* _What you should do_
With pictures left out, only the lines from the one containing "So as everyone" through the end of the records should be reproduced exactly, please.

Supplied data Block Start

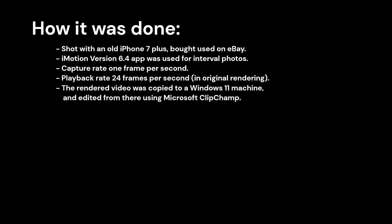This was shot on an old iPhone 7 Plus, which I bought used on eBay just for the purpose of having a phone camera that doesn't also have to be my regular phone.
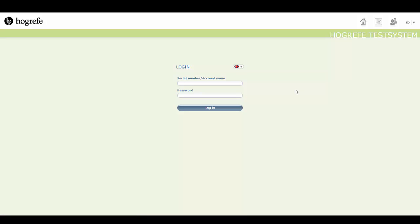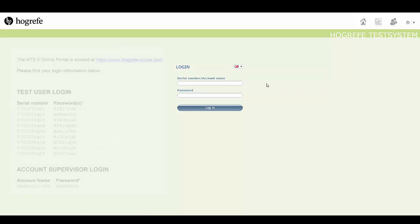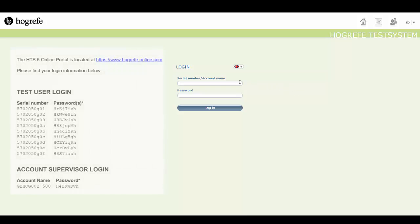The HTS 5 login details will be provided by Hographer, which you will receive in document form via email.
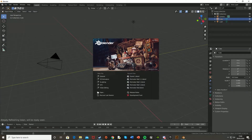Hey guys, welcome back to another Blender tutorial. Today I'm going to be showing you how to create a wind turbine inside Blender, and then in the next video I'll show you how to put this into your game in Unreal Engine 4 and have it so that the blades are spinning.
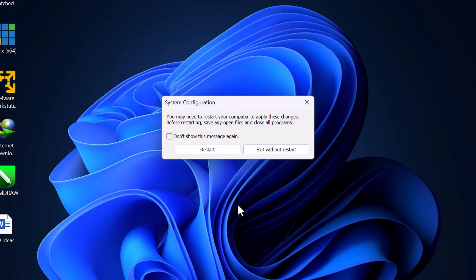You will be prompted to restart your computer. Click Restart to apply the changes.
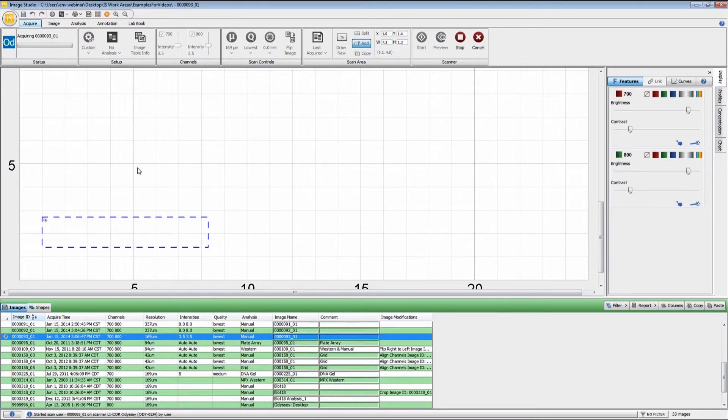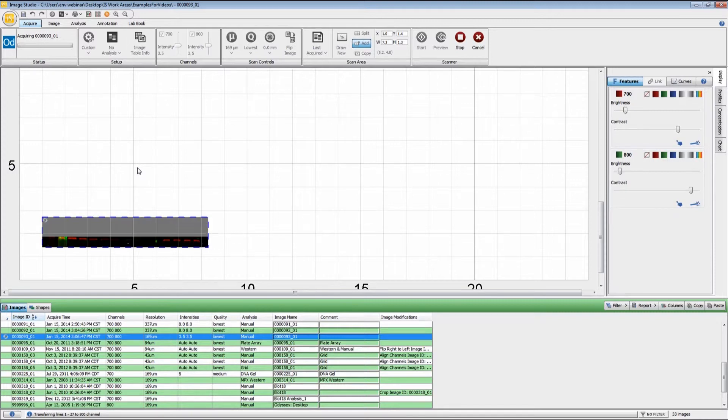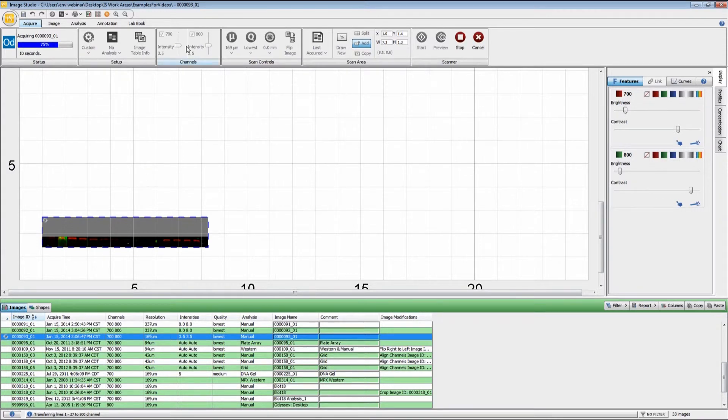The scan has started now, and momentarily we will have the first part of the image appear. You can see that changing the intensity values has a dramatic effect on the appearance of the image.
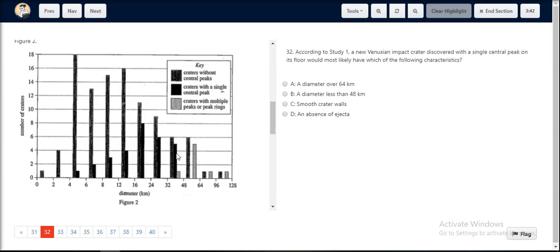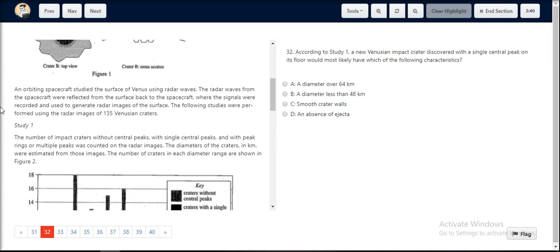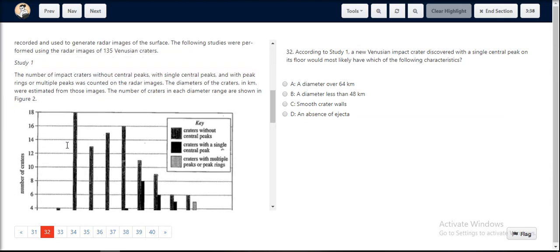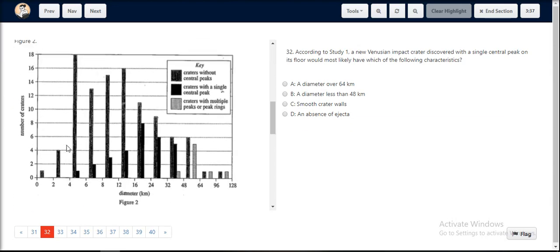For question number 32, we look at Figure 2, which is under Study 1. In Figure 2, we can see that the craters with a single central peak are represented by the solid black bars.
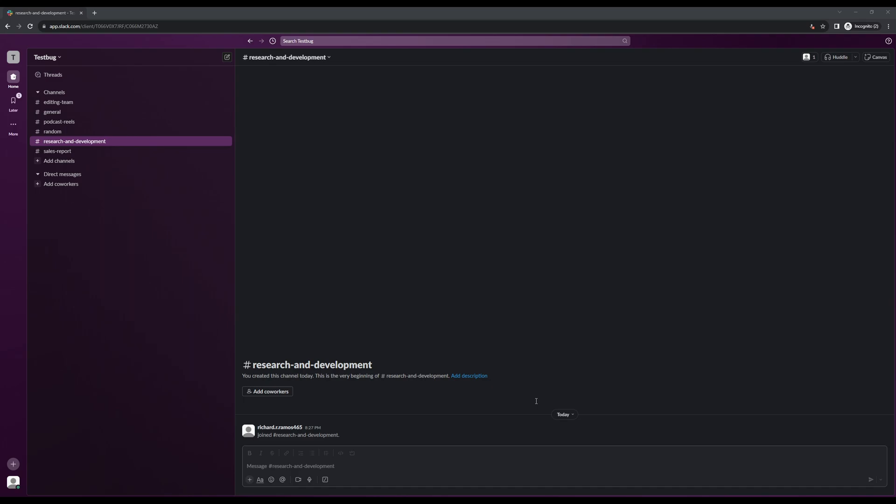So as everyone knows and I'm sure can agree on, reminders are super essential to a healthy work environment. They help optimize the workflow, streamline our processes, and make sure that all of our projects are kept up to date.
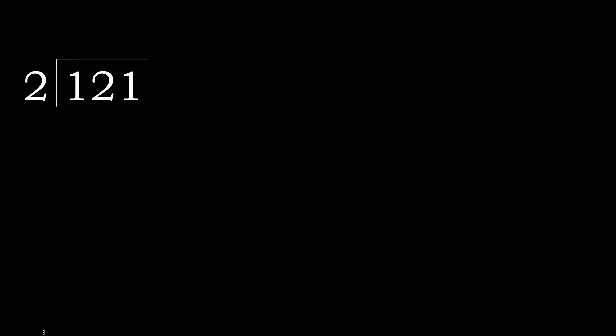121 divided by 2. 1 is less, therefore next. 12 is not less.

Supplied data Block End

* _Exercise output_
So as everyone knows and I'm sure can agree on, reminders are super essential to a healthy work environment. They help optimize the workflow, streamline our processes, and make sure that all of our projects are kept up to date.
121 divided by 2. 1 is less, therefore next. 12 is not less.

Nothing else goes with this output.